Add beer to milk, oil and bread. SABMiller, brewer of Peroni and Miller Lite, warned yesterday that it would pass on the rising costs of ingredients to customers through higher prices, piling pressure on consumers already struggling with hefty increases across a range of basic energy and food products.
The price of brewing barley has doubled over the past year; wheat has rocketed as well. SABMiller said however that it intends to protect its margins and that "pricing and mix benefits are again expected to compensate for cost increases".
The company's move adds weight to the prediction made by the British Beer and Pubs Association earlier this year that the average cost of a pint, between £2.50 and £3.10 today, will increase to £4 by year-end, and will win it few friends in the pub.

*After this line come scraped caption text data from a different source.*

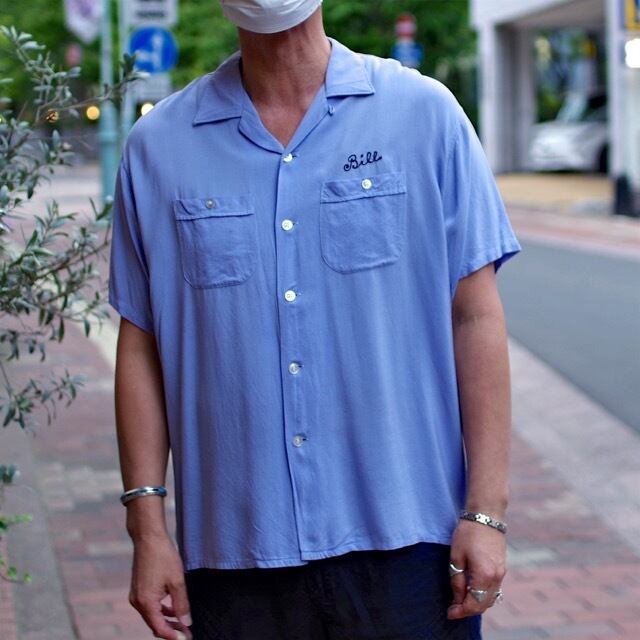 1960s OLYMPIAN Rayon Bowling Shirt / ヴィンテージ レーヨン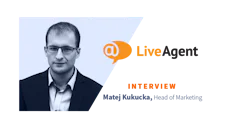 Matej Kukucka, directeur du marketing chez LiveAgent.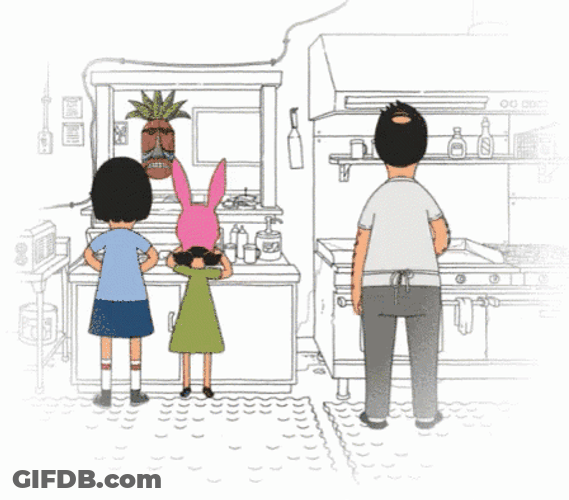 Tina Belcher Dancing Back GIF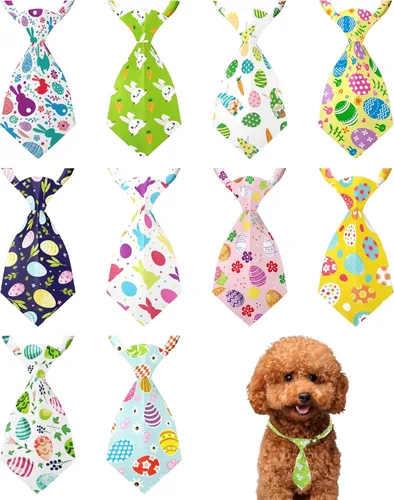 Vista 67 de PET SHOW Paquete de 10 corbatas para perros de feliz cumpleaños, XS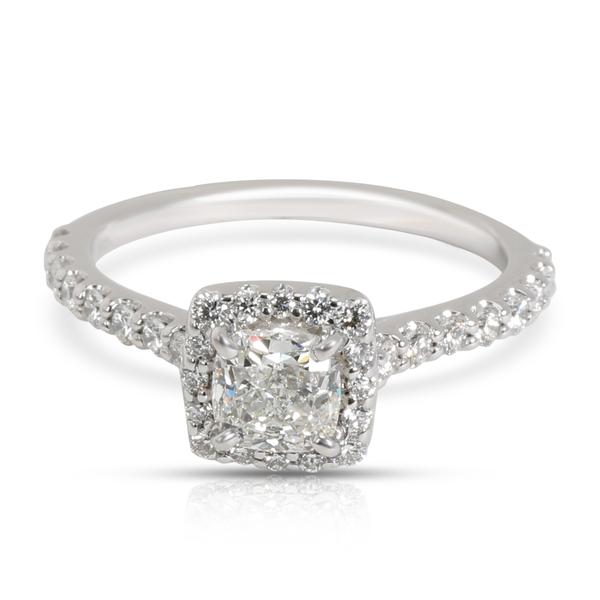 GIA Certified Ritani Halo Diamond Engagement Ring in 14K Gold G IF 0.97 CTW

SAB increased profit before tax last year to $3.2bn, a 16 per cent increase over last year, thanks in part to a heavy marketing campaign in the UK of Peroni as a high-end lager. It has already raised prices across its portfolio.
The company has otherwise been able to sail largely unscathed through the economic torpor that has taken hold in developed economies in Western Europe and America. The world's second largest brewer is heavily weighted toward the developing world, where growth in Latin America and Africa were both strong, with volume growth of 5 and 6 per cent respectively.
The falling dollar, the currency the company uses in its accounts, also helped to boost profits booked in other markets.
Profits in South Africa fell by 6 per cent after the company lost a distribution contract for Amstel.